INSTRUCTIONS FOR THE TASK: Everything in the listing below from the line containing "Kulay Asul na" through the line containing "Eta Carinae Binary" must be repeated exactly; the remaining lines are not wanted.

Top of GIVEN DATA

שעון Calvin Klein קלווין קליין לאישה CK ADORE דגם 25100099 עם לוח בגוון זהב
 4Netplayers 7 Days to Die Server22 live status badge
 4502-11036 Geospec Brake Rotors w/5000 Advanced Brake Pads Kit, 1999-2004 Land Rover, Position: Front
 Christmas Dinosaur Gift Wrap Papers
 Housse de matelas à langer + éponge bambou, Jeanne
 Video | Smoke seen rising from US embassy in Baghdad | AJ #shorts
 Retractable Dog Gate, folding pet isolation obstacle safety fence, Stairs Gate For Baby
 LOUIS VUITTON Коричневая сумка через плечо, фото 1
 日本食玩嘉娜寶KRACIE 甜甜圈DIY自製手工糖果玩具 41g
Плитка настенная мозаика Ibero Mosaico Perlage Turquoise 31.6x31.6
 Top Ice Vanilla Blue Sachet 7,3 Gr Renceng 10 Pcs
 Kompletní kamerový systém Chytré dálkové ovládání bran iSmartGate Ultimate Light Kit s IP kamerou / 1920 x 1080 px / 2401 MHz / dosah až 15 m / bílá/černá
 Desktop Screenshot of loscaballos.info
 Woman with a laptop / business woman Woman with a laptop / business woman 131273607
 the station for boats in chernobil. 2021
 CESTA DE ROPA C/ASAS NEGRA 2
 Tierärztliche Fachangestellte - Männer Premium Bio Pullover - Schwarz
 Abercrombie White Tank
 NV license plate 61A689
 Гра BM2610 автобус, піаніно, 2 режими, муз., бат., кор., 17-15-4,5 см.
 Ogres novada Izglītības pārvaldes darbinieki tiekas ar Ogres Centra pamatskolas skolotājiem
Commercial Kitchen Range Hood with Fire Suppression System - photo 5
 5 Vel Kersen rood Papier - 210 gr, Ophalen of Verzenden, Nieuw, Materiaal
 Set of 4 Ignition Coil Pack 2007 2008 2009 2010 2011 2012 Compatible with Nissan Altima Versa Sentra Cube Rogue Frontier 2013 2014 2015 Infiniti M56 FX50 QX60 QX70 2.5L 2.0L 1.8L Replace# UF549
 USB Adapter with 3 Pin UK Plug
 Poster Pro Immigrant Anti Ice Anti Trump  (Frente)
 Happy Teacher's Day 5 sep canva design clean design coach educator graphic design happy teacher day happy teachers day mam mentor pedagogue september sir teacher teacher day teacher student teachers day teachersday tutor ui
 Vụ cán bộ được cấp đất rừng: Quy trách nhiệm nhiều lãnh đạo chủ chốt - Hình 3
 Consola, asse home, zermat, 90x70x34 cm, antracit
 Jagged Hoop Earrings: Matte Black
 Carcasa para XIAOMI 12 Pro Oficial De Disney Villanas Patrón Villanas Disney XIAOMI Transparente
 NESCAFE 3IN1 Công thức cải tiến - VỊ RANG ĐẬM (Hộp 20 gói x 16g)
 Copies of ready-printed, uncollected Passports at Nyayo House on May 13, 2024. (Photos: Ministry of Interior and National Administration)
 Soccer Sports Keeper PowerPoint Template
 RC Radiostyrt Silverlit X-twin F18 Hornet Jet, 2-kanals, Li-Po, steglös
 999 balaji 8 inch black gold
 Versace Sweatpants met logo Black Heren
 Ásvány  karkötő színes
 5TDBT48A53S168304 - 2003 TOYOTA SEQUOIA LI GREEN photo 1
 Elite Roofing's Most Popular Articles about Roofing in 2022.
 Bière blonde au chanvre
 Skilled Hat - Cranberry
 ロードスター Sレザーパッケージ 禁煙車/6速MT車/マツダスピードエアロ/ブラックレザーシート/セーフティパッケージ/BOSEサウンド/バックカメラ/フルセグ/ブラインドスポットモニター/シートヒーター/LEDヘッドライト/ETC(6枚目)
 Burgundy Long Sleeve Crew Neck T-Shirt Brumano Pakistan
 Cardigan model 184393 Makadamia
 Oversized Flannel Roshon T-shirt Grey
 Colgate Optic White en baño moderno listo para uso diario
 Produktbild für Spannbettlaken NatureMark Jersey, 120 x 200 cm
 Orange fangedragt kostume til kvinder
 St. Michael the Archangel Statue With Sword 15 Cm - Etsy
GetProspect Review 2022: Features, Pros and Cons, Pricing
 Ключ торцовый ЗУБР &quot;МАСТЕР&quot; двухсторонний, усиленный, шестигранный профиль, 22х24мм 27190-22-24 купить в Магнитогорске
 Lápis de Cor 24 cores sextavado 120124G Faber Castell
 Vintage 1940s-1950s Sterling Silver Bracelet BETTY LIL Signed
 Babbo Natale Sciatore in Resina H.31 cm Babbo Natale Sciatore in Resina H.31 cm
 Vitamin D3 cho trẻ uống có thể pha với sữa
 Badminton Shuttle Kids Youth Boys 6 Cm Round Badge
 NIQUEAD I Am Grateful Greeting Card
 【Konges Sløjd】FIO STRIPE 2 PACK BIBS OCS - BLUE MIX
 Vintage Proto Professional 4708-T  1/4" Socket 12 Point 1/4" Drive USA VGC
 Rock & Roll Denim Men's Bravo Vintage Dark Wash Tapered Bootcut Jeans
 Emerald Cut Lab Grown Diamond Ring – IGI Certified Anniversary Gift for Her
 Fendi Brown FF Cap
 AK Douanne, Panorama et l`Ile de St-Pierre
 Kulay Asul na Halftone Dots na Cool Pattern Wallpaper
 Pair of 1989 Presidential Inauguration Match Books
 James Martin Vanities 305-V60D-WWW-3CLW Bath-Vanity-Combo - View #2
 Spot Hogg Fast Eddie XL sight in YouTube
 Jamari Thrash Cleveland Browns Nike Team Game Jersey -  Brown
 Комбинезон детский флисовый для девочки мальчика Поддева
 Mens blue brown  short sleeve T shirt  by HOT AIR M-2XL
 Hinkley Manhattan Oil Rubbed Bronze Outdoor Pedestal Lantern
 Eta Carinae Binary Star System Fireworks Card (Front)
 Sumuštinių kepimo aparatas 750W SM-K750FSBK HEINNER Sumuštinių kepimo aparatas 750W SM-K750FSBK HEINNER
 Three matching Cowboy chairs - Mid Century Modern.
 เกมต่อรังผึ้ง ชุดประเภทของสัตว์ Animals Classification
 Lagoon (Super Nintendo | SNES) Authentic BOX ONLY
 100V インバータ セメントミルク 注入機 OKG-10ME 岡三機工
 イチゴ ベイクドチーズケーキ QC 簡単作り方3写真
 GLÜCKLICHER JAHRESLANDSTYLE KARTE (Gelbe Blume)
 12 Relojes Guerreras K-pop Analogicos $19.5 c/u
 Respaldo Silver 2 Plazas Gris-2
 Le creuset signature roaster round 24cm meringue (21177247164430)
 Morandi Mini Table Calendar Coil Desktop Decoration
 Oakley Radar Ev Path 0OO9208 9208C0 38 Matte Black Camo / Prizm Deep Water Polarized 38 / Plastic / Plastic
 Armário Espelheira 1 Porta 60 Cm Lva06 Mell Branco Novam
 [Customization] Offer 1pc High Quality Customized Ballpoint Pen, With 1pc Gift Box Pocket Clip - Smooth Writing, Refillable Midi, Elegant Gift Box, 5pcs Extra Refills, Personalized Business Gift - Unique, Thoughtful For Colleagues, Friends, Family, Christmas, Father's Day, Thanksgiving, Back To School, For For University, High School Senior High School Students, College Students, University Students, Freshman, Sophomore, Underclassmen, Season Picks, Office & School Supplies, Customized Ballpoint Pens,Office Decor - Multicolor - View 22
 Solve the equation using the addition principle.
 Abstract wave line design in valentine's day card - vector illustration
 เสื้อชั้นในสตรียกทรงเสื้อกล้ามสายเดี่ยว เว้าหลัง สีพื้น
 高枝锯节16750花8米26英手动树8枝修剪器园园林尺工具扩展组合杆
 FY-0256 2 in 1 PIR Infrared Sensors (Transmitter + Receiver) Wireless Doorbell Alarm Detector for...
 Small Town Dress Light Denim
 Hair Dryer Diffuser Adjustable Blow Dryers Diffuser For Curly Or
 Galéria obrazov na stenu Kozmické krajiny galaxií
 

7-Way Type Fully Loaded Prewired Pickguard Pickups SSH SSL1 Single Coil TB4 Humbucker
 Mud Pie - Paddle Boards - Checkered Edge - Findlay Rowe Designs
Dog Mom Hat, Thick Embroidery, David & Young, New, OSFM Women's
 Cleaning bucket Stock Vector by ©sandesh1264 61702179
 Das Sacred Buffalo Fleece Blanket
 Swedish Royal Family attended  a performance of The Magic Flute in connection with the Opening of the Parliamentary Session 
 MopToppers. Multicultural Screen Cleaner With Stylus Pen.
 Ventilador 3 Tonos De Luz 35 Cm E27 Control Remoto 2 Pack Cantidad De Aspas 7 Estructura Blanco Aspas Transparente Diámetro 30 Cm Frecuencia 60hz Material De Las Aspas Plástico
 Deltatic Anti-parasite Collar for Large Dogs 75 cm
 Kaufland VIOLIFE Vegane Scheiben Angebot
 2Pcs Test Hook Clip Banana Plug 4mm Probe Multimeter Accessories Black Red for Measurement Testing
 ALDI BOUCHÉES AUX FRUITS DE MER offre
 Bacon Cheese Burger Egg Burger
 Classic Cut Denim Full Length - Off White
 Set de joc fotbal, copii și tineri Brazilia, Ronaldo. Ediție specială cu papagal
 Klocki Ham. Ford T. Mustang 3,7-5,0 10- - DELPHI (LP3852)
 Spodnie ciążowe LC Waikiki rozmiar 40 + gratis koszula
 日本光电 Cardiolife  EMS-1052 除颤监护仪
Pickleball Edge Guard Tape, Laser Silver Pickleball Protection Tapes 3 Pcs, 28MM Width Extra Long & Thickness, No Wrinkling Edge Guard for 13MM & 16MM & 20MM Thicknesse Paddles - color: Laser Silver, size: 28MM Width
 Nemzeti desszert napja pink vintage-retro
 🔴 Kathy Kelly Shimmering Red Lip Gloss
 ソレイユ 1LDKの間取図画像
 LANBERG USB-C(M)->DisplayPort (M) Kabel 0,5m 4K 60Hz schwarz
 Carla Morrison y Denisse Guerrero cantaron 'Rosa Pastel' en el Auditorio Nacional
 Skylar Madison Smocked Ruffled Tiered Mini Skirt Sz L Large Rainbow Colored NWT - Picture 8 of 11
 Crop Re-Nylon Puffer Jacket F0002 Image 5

Bottom of GIVEN DATA

ANSWER BOX:
 Kulay Asul na Halftone Dots na Cool Pattern Wallpaper
 Pair of 1989 Presidential Inauguration Match Books
 James Martin Vanities 305-V60D-WWW-3CLW Bath-Vanity-Combo - View #2
 Spot Hogg Fast Eddie XL sight in YouTube
 Jamari Thrash Cleveland Browns Nike Team Game Jersey -  Brown
 Комбинезон детский флисовый для девочки мальчика Поддева
 Mens blue brown  short sleeve T shirt  by HOT AIR M-2XL
 Hinkley Manhattan Oil Rubbed Bronze Outdoor Pedestal Lantern
 Eta Carinae Binary Star System Fireworks Card (Front)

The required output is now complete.